Interviewé chez Bidibule à propos du Music Business

Mieux que le divan d’Henri Chapier :  le canapé de Bidibule.
Bidibule – Claude dans la vraie vie – est un artiste que j’apprécie particulièrement. D’abord parce que ses chansons sont intéressantes, pertinentes, dotées de mélodies simples comme j’aime et aussi parce qu’il est très actif sur le web via son blog, twitter, facebook, etc. C’est donc avec plaisir que j’ai répondu à ses questions. Voici l’interview.
Après plus de dix ans de journalisme spécialisé dans les nouvelles technologies et la musique, Benoit Darcy est à l’origine des initiatives de CBS Interactive France dans la musique (c’est le fondateur de Music360.fr et de MusicSpot.fr). L’emploi du temps est chargé le jour mais Benoit, comme tout bon passionné, profite de ses nuits pour alimenter zdar.net : son blog perso où il dissèque l’actualité musicale, technologique et plus si affinité…Je n’ai pas résisté, vous commencez à me connaître, à l’envie de questionner l’intéressé.Hey Benoit, comment vois tu l’avenir de la musique sur internet ? Réponse à Suivre…
Bidibulle : Hadopi ton univers impitoyable… Impossible pour commencer de faire l’impasse sur le Feuilleton de l’année. Qu’est ce que l’interminable débat sur ce projet de loi t’inspire ?
Benoit Darcy : Le débat en lui même, sur sa forme, m’inspire peu. Je l’avoue : je n’ai pas l’énergie (le courage ?) de passer des après-midi entières à écouter les palabres de parlementaires grisonnants pour qui Bénabar doit probablement représenter le renouveau de la chanson française… Je pense que la loi Hadopi est une mauvaise réponse à un vrai et sérieux problème. J’ai des doutes sur la capacité des pouvoirs publics à faire appliquer cette loi – aussi est-elle, en l’état, contournable; et lorsqu’on prend en compte l’histoire de l’informatique et de l’Internet, force est de constater que chaque répression a connu sa parade…

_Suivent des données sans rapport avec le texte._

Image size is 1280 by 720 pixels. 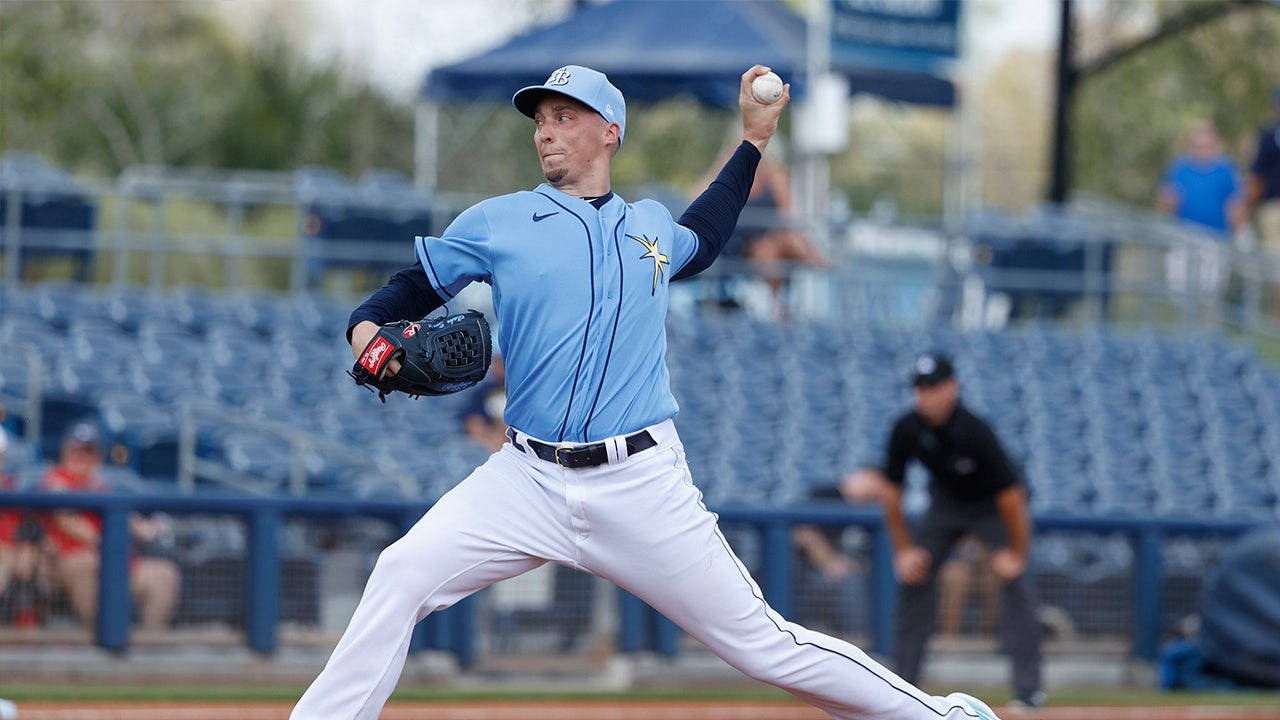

Au delà du changmement de ministre de la culture et du récent report au mois de septembre, ce qui me préoccupe plus, c’est « l’acte 2 » d’Hadopi : la Loppsi2. Avec Loppsi2, on ne parle plus de répression mais de filtrage. C’est pire. Et c’est même très grave : si cette loi devait être votée et appliquée, l’usage d’Internet en serait modifé, passant d’un réseau de création et d’échange à un réseau de pure distribution, verrouillé et maîtrisé par toujours les mêmes acteurs….
Pour Jacques Attali mais pas seulement , la musique est appelée à devenir gratuite. Et pour toi ?
BD : La gratuité de l’écoute me semble en effet innéluctable à terme. Les études comportementales sur les jeunes populations (ce que les américains appellent les « digital natives ») montrent que plus aucun ado n’est prêt à payer pour écouter de la musique. En fait, il ne l’ont *jamais* fait, alors pourquoi diable commencer ? Ce phénomène est de l’ordre du comportement sociétal, et je ne vois vraiment pas comment la tendance pourrait s’inverser. Il va falloir composer avec…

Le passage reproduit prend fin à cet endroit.